**ACTIVITY:**
With pictures excluded, give again exactly the lines running from the one holding "Cottages at Healdsburg" through the end of the listing below.

**RECORDS FOR THIS EXERCISE:**
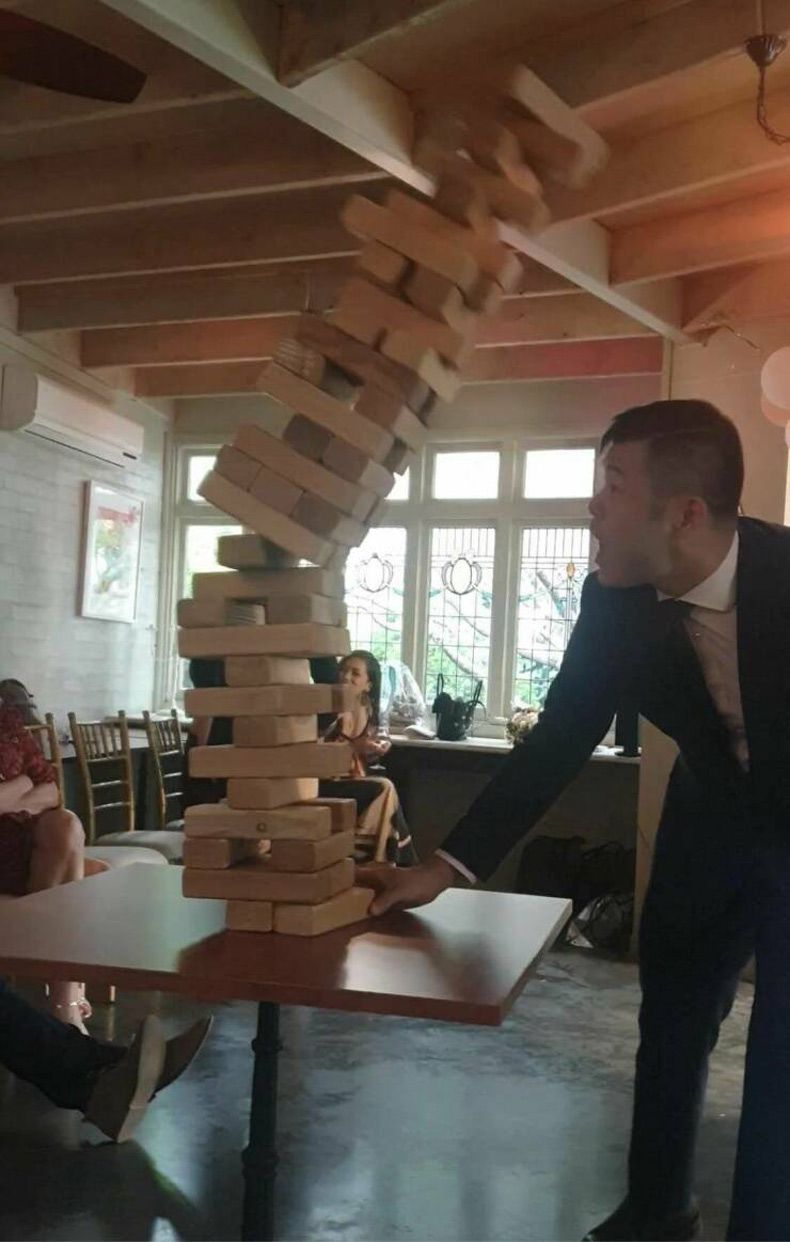Gewoon een verzameling hilarische foto's #1650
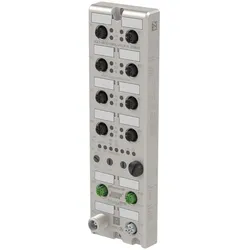 Pepperl+Fuchs Fabrik Feldbusmodul ICE1-16DIO-G60L-V1D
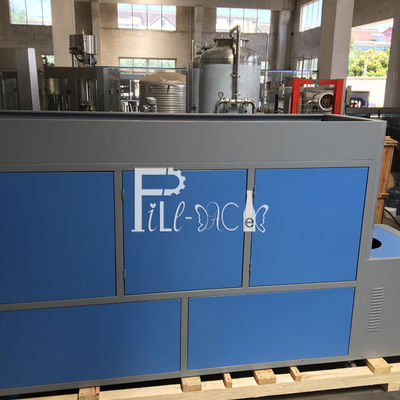 5ガロン150BPHのプラスチックびんのブロー形成機械 サプライヤー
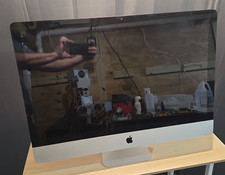 Apple iMac 27" A1312 Late 2009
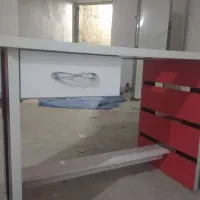 میز خیاطی محکم|لوازم خیاطی و بافتنی|گنبد کاووس, |دیوار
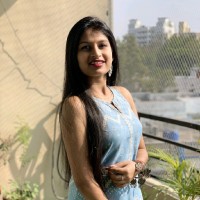 Aashi Bindal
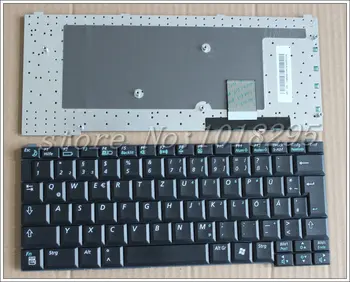 

New laptop keyboard for SAMSUNG Q30 keyboard GR/German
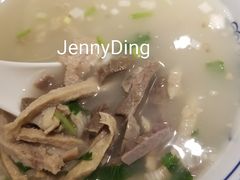 -老仁义·清真菜(太古街店)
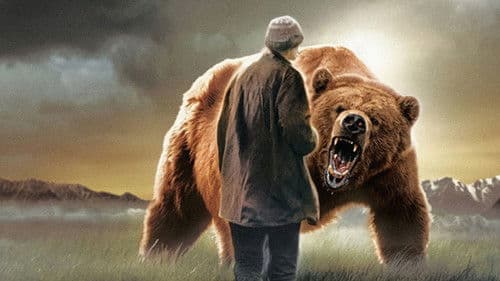 Grizzly Man Bild 1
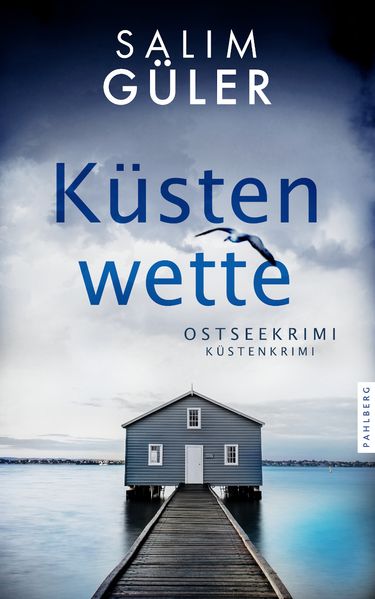 Cover von Küstenwette
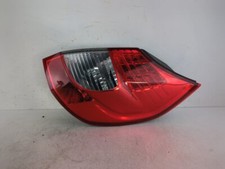 Renault Grand Scenic  2004-2010 Rear Tail Light (Driver Side) 2SK009467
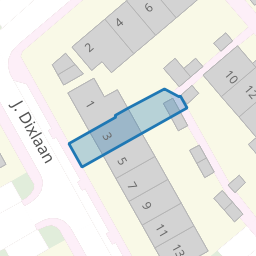 Perceel HSD01-C-4848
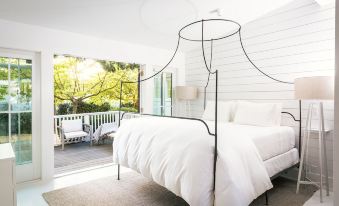 Cottages at Healdsburg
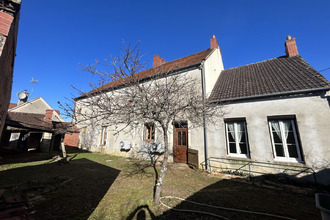 Ma-Cabane - Vente Maison SANCOINS, 262 m²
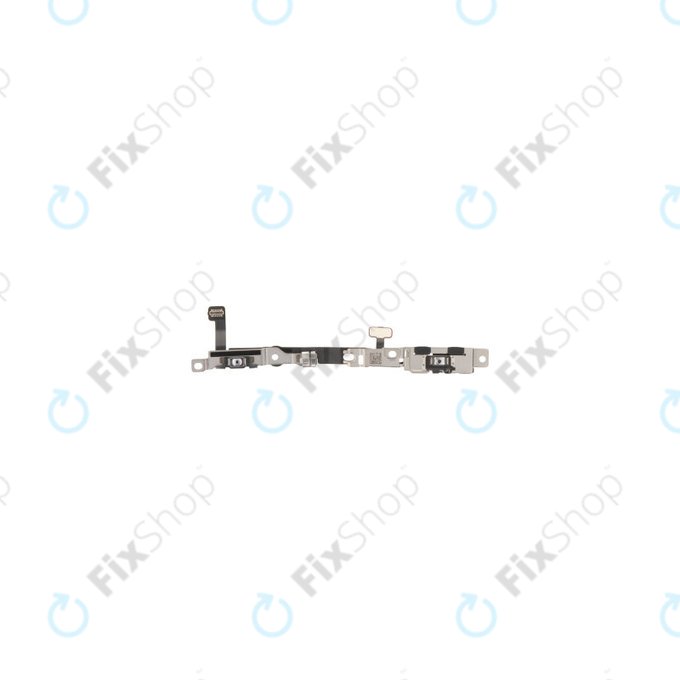 Apple iPhone 17 Pro - Power Button Flex Cable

**FINAL ANSWER:**
 Cottages at Healdsburg
 Ma-Cabane - Vente Maison SANCOINS, 262 m²
 Apple iPhone 17 Pro - Power Button Flex Cable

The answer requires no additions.